WORK INSTRUCTION: Search the material and gather each line with "Photo" in it.
____ RECORDS FOR THE TASK
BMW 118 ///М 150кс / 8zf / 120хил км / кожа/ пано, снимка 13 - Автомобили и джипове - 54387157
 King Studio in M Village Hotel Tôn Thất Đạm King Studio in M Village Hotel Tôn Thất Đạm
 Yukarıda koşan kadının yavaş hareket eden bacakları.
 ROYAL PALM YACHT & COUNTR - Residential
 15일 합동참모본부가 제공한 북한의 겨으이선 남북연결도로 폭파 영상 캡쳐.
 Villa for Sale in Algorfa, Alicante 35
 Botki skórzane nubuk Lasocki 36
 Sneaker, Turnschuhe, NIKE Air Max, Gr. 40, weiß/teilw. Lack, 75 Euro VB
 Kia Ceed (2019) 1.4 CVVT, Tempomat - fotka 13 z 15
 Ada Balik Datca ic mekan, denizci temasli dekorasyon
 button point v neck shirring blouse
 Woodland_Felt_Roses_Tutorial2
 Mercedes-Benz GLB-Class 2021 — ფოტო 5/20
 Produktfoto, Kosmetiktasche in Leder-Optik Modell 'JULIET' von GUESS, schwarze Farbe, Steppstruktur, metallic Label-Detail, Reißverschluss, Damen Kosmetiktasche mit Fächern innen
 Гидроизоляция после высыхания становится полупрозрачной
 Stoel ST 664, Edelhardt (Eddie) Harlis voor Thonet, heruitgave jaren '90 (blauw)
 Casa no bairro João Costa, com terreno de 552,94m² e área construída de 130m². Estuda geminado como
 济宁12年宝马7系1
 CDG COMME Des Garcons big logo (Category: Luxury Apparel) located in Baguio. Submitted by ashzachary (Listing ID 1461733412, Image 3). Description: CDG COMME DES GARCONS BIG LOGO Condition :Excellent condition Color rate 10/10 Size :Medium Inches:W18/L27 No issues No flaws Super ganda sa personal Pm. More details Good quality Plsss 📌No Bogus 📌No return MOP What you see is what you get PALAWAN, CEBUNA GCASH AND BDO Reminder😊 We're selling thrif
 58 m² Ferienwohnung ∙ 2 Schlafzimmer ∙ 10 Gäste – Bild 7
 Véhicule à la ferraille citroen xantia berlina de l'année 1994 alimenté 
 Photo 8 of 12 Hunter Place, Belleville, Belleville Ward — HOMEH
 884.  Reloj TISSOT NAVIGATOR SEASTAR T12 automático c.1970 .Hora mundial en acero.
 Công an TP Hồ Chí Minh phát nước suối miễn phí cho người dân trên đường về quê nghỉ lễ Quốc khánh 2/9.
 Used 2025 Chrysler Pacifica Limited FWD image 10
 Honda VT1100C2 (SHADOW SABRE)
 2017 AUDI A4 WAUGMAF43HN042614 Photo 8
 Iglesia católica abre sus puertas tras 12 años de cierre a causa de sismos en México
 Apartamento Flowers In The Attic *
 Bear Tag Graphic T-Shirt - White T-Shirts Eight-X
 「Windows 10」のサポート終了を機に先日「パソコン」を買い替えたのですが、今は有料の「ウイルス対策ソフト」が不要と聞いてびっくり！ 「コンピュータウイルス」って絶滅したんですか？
________
ANSWER TO THE PROBLEM:
 Photo 8 of 12 Hunter Place, Belleville, Belleville Ward — HOMEH
 2017 AUDI A4 WAUGMAF43HN042614 Photo 8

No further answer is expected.